◆ Work instructions: Copy word for word the lines in the records below, starting at the line with "レブロン カラーステイ マット" and ending at the line with "used 2021 Kia". Skip the pictures.

◆ Records for this exercise:
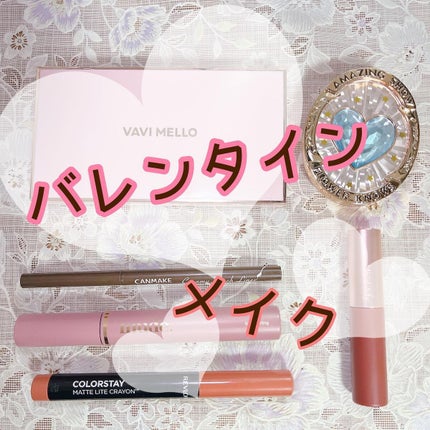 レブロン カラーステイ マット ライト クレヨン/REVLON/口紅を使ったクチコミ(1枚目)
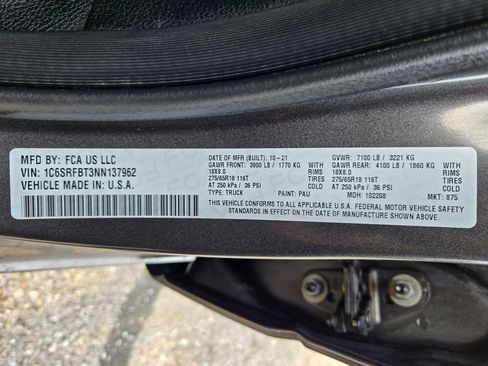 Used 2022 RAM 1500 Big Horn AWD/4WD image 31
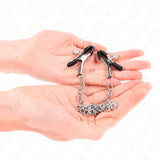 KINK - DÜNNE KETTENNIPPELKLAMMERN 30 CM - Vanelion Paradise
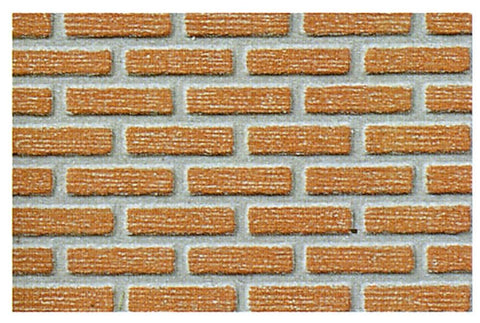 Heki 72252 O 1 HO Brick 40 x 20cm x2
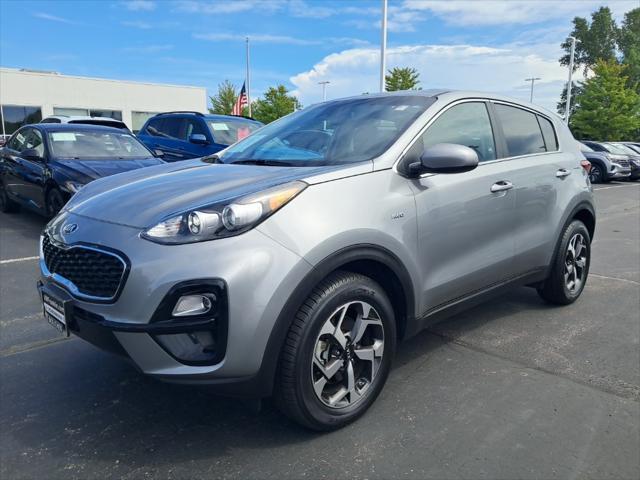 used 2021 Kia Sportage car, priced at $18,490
* * *
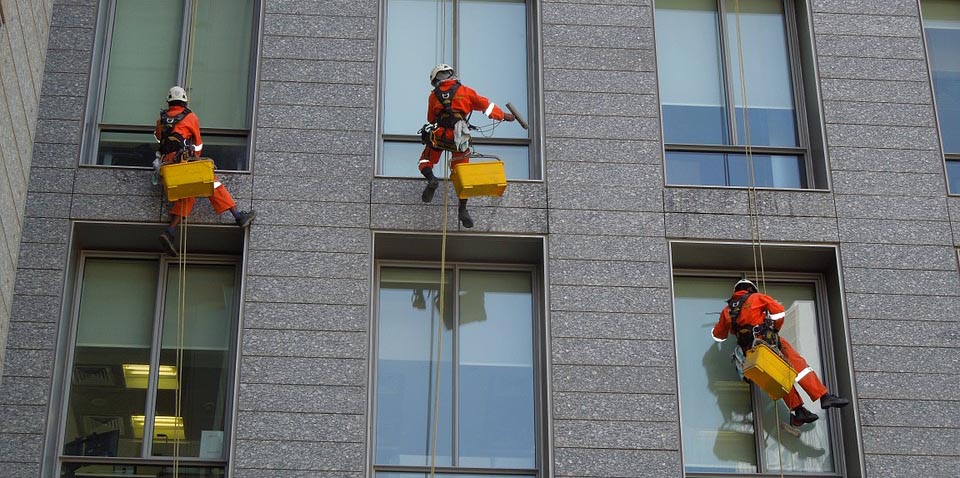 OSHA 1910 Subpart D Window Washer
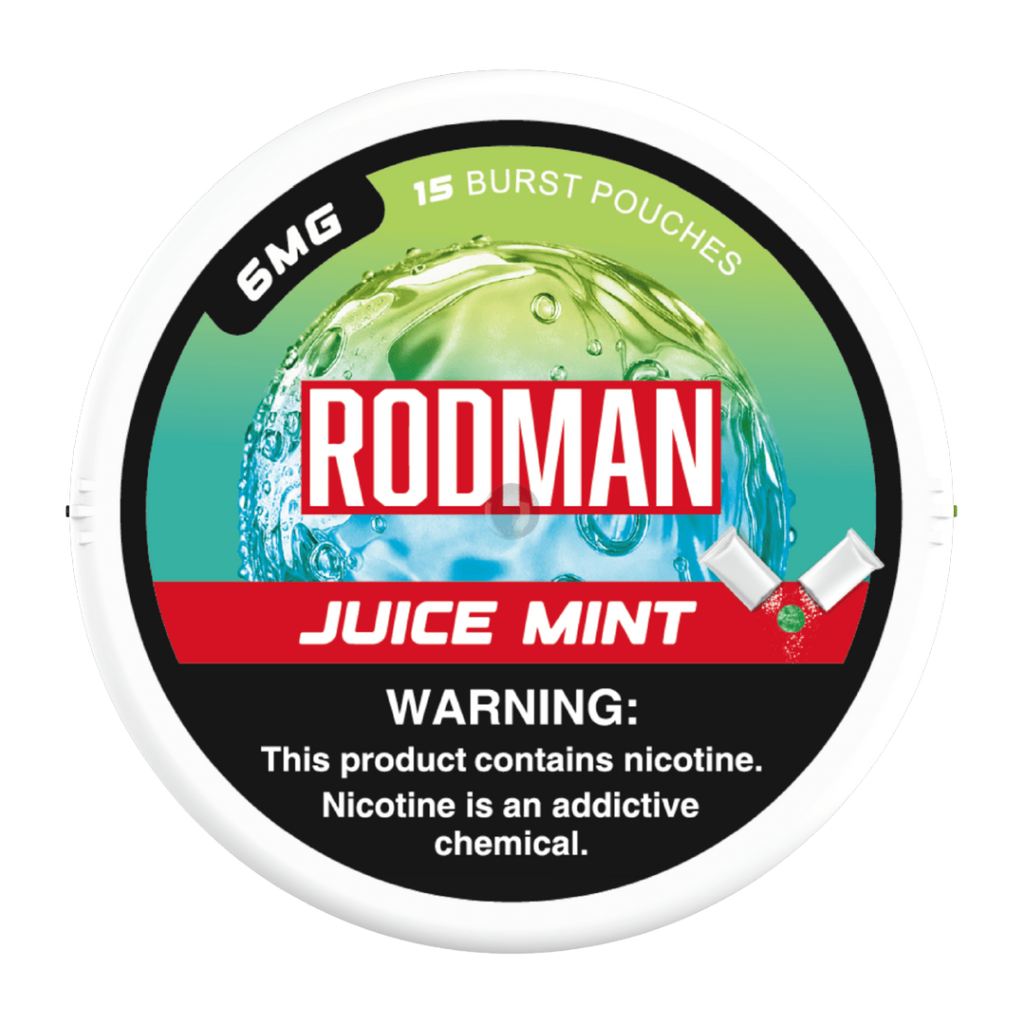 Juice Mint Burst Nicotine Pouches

◆ Written answer:
 レブロン カラーステイ マット ライト クレヨン/REVLON/口紅を使ったクチコミ(1枚目)
 Used 2022 RAM 1500 Big Horn AWD/4WD image 31
 KINK - DÜNNE KETTENNIPPELKLAMMERN 30 CM - Vanelion Paradise
 Heki 72252 O 1 HO Brick 40 x 20cm x2
 used 2021 Kia Sportage car, priced at $18,490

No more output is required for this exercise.